[Caption-style text data]

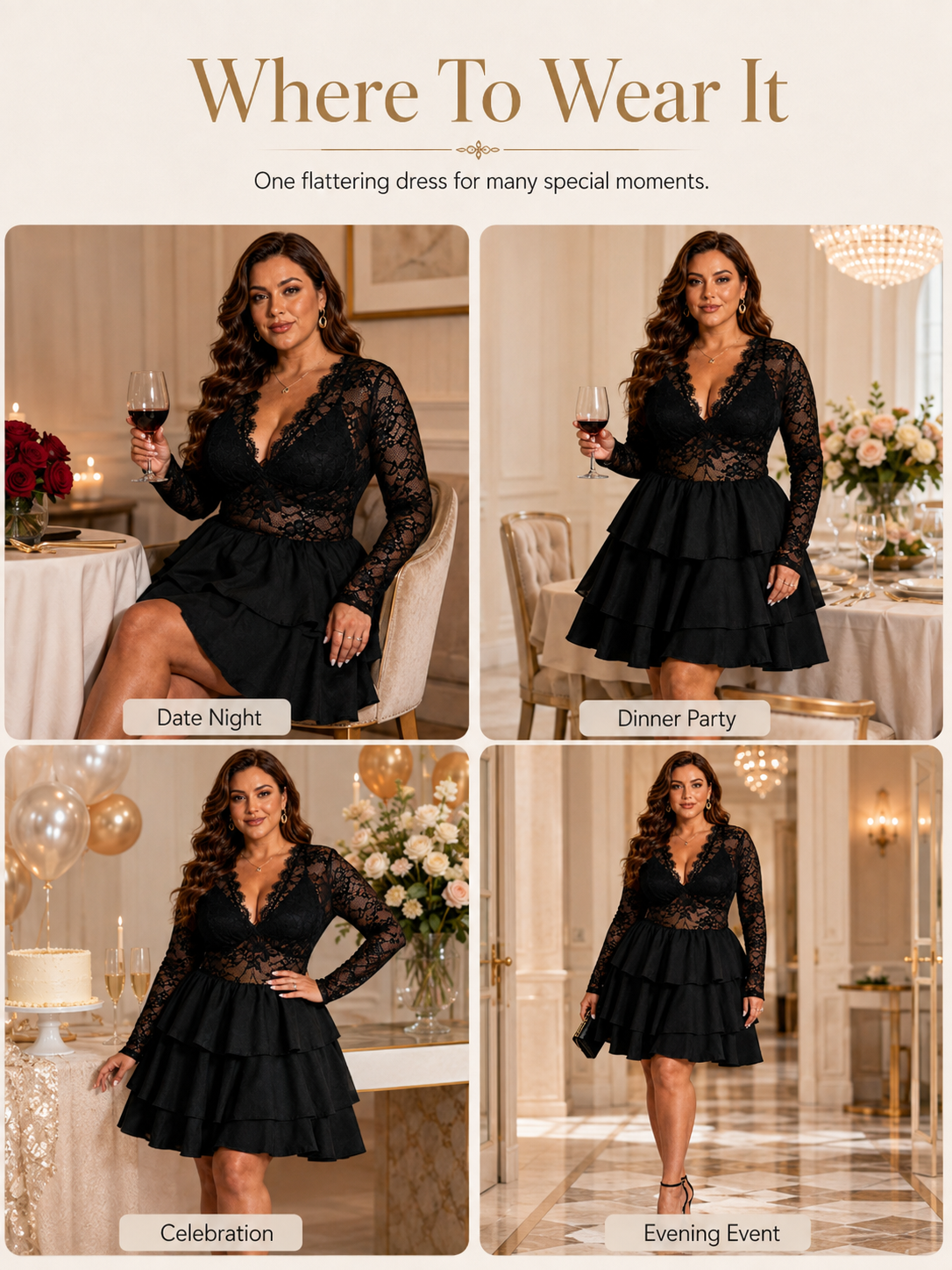 🔥Glam Style Deal 💃Plus Size Lace Panel Deep V-Neck Dress with Sheer Layered Hem for Parties & Nights Out
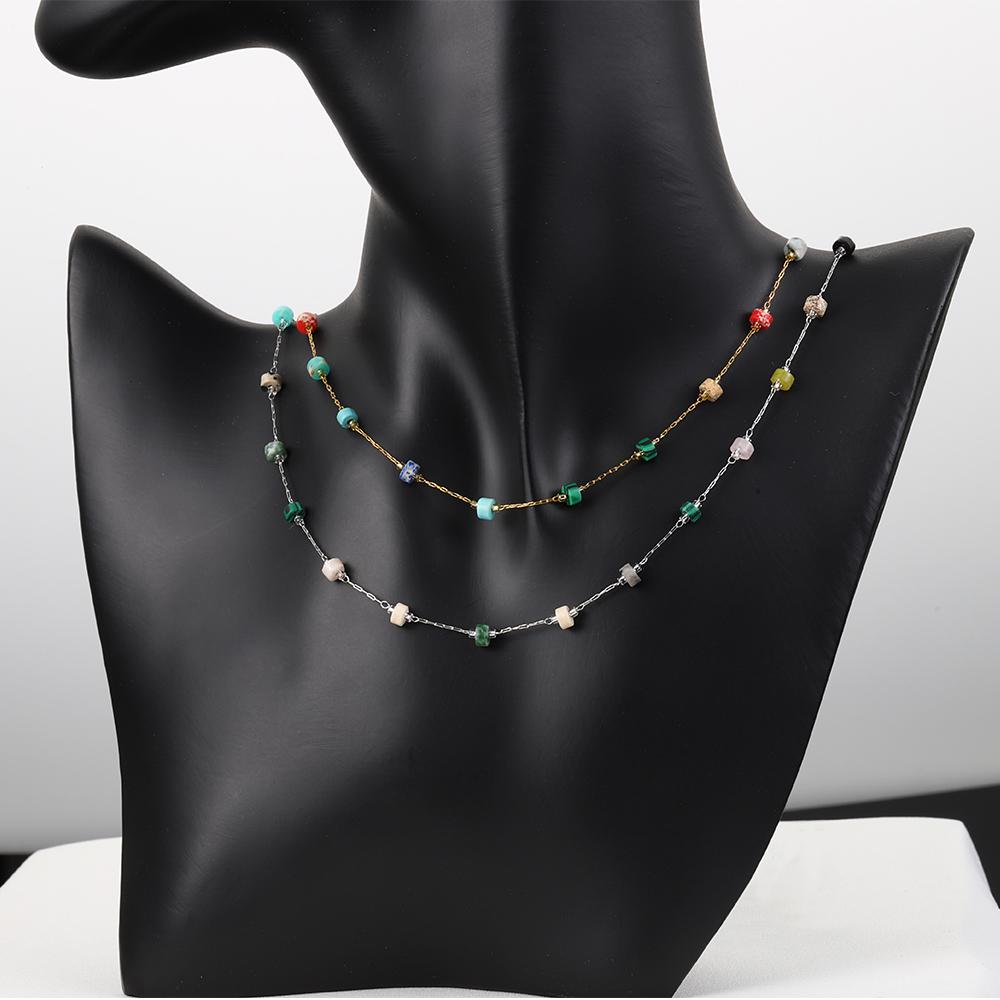 1Meter Crystal Stone Beads Chains Stainless Steel PVD Plated Beaded Chain for DIY Jewelry Making Components Bracelets Necklaces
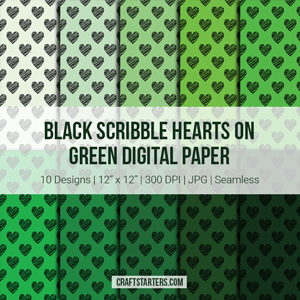 Black Scribble Hearts On Green Digital Paper
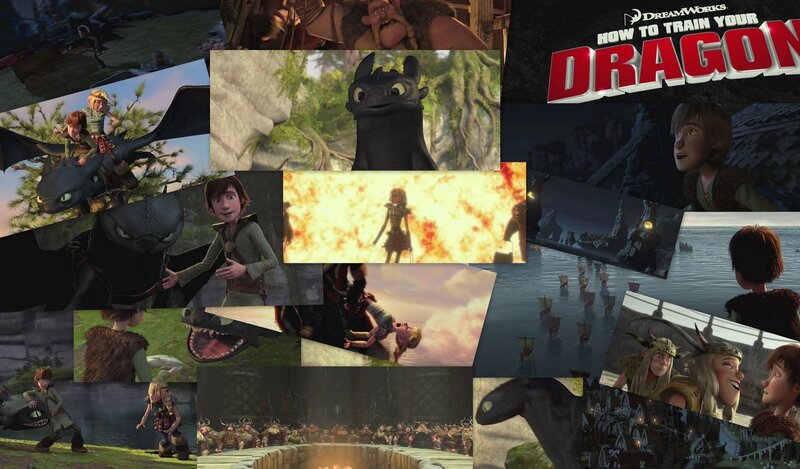 How to Train Your Dragon collage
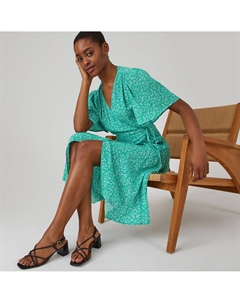 Платье с запахом с цветочным принтом зеленый La redoute collections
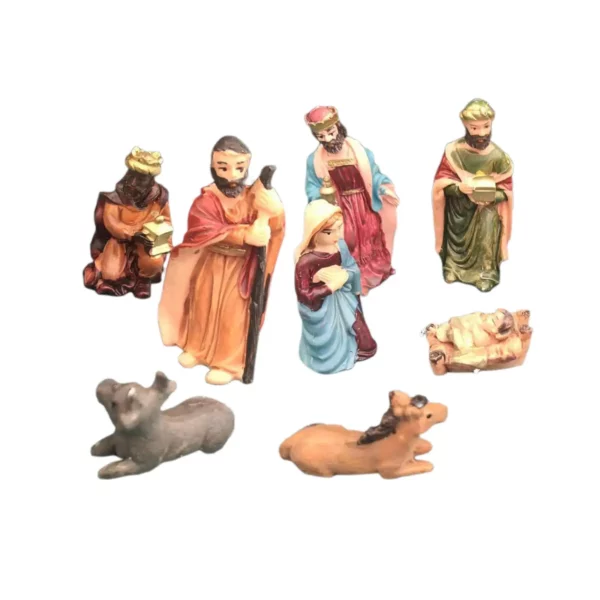 Crèche de la Nativité traditionnelle avec figurine d'Auckland, ensemble de statues de Jésus, ornements de Noël, figurines en résine pour le bureau, cadeaux pour la maison, 8x – Image 5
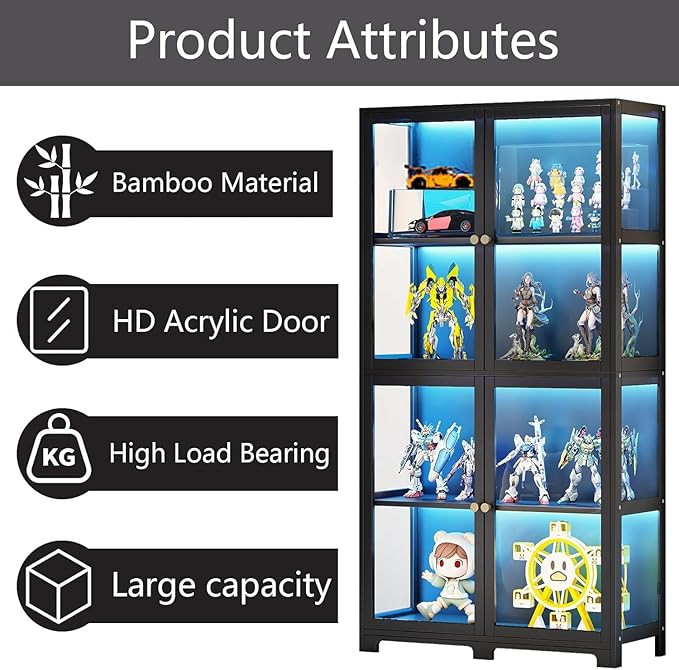 Display Cabinet with Acrylic Glass Doors, 4-Tier Bamboo Curio Display Case for Figures, Display Shelves for Collectibles & Toy Cabinet for Home, Office, Playroom, Living Room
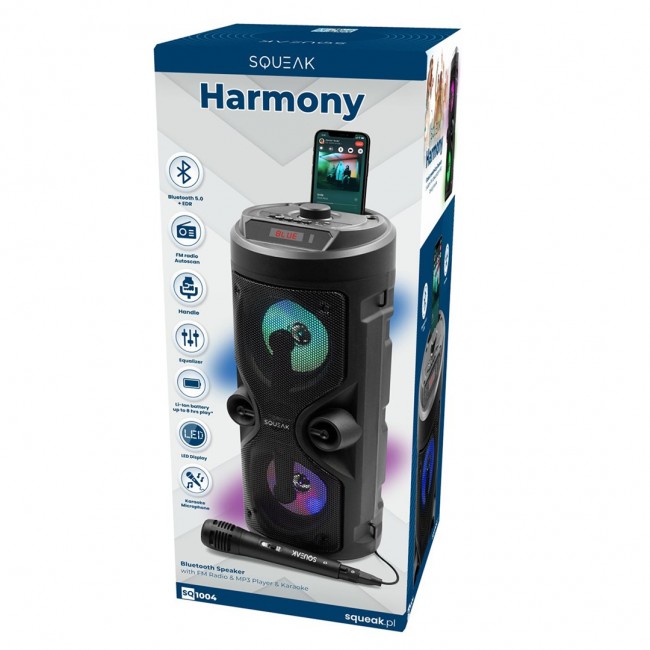 SQUEAK KARAOKE SPEAKER HARMONY BT 5.0 SQ1004 SQUEAK KARAOKE SPEAKER HARMONY BT 5.0 SQ1004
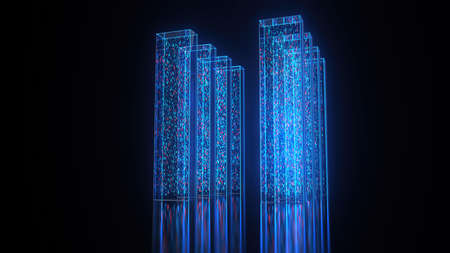 Blue data cubes on the dark background.の写真素材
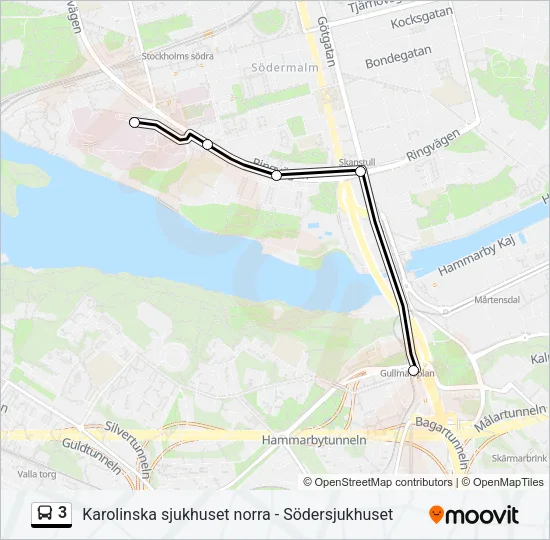 3 Bus Line Map
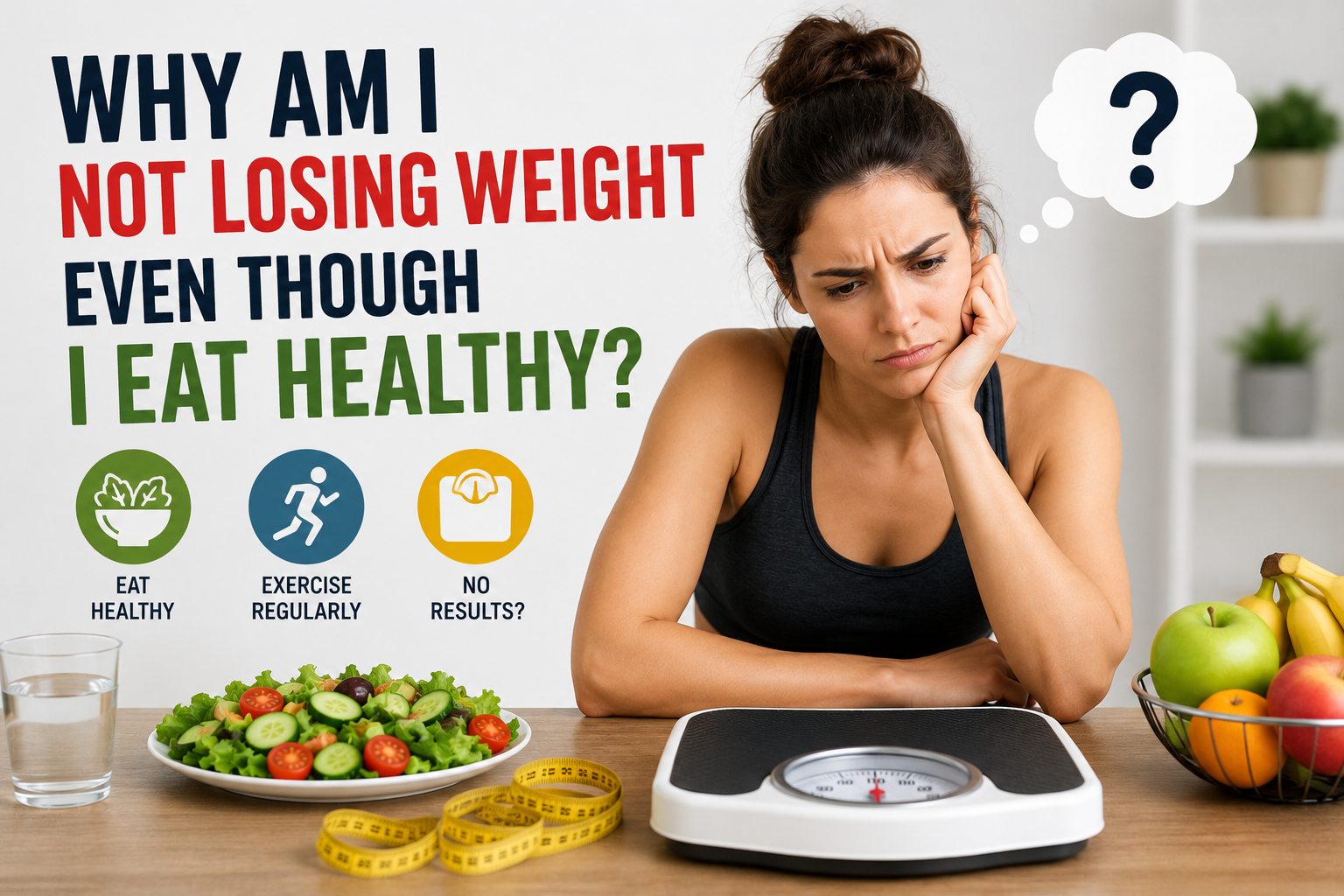 Woman sitting at a table with a scale, salad, and fruit, pondering why she's not losing weight despite eating healthy.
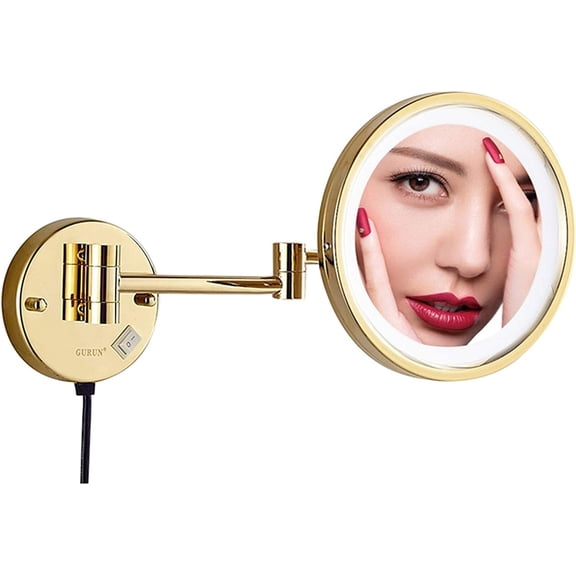 Makeup Mirror with Lights and Magnification,8 inch Brass Bathroom Wall-Mounted Led Cosmetic Vanity Mirror,Swivel Extendable Mirror,Black,3X /Gold/5X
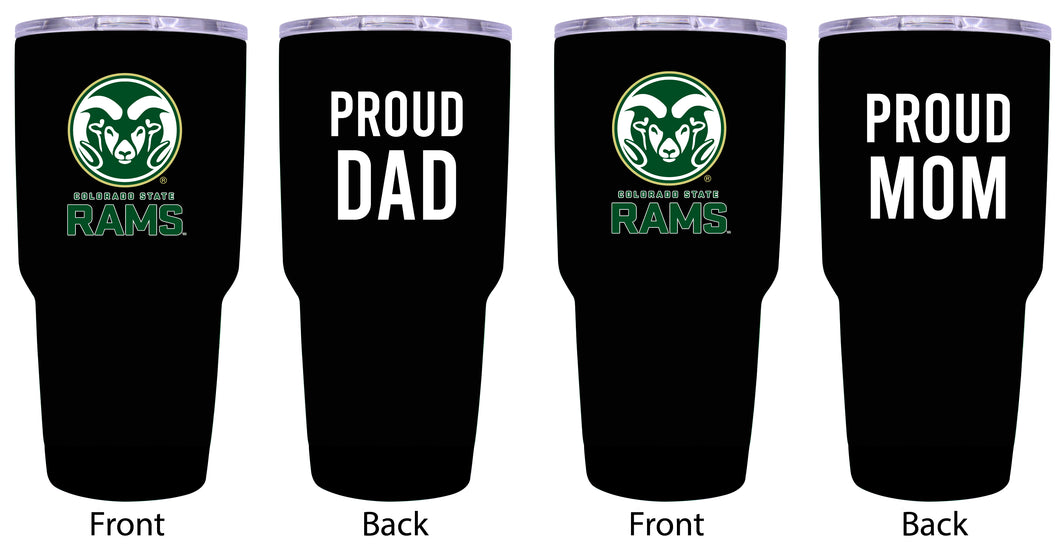 Colorado State Rams Proud Parent 24 oz Insulated Tumblers Set - Black, Mom & Dad Edition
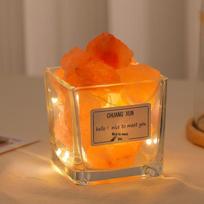 Orange Crystal Stone Aromatherapy Night Light: Natural Salt Cup Ornament & Souvenir 10ml Essential Oil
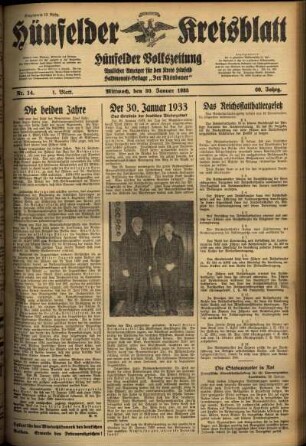 Erste Ausgabe vom Mittwoch, den 30. Januar 1935.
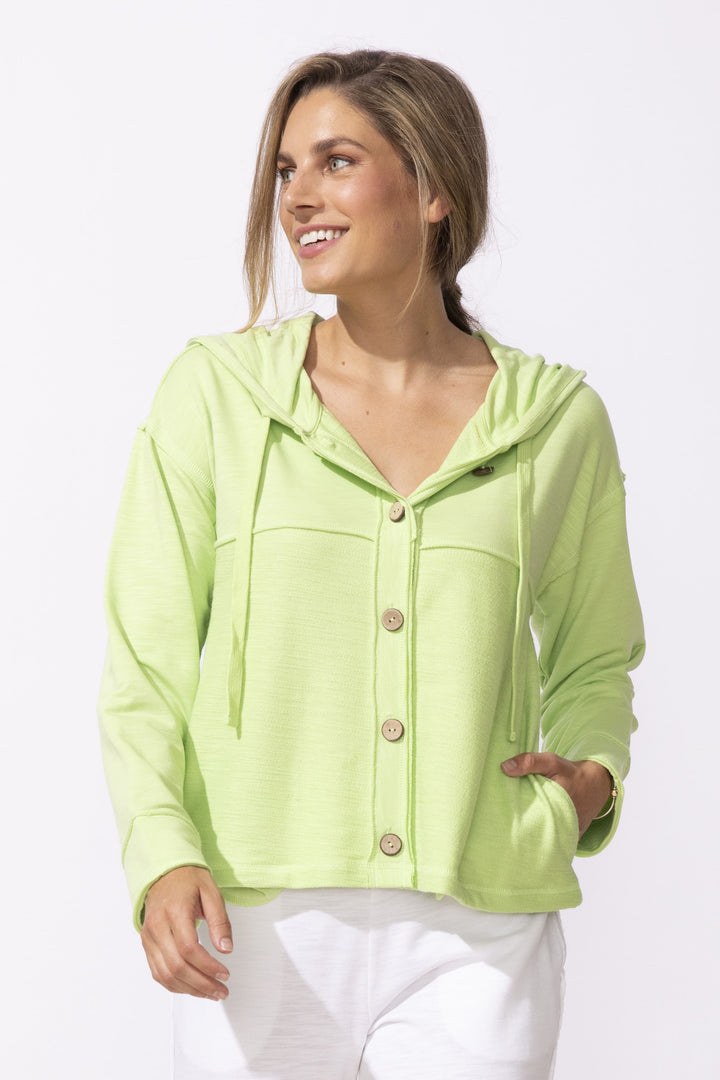 Lightweight Button Front Hooded Jacket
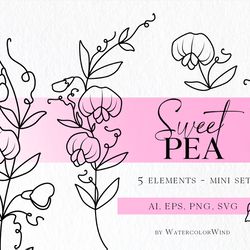 Sweet Pea Birth Month Flower SVG files April Birthday Flower Clipart For Instant Download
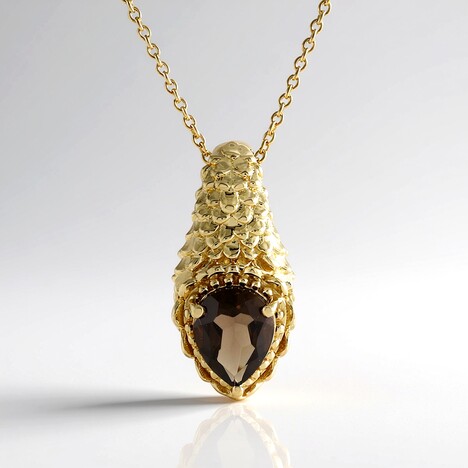 Collana in argento con Quarzo Fumè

◆ **Directions for this task**:
Give again, unchanged, only the lines from the line containing "Makeup Mirror with" to the last line of the records above. Pictures do not belong in the copy.

◆ **Exercise output**:
 Makeup Mirror with Lights and Magnification,8 inch Brass Bathroom Wall-Mounted Led Cosmetic Vanity Mirror,Swivel Extendable Mirror,Black,3X /Gold/5X
 Colorado State Rams Proud Parent 24 oz Insulated Tumblers Set - Black, Mom & Dad Edition
 Orange Crystal Stone Aromatherapy Night Light: Natural Salt Cup Ornament & Souvenir 10ml Essential Oil
 Erste Ausgabe vom Mittwoch, den 30. Januar 1935.
 Lightweight Button Front Hooded Jacket
 Sweet Pea Birth Month Flower SVG files April Birthday Flower Clipart For Instant Download
 Collana in argento con Quarzo Fumè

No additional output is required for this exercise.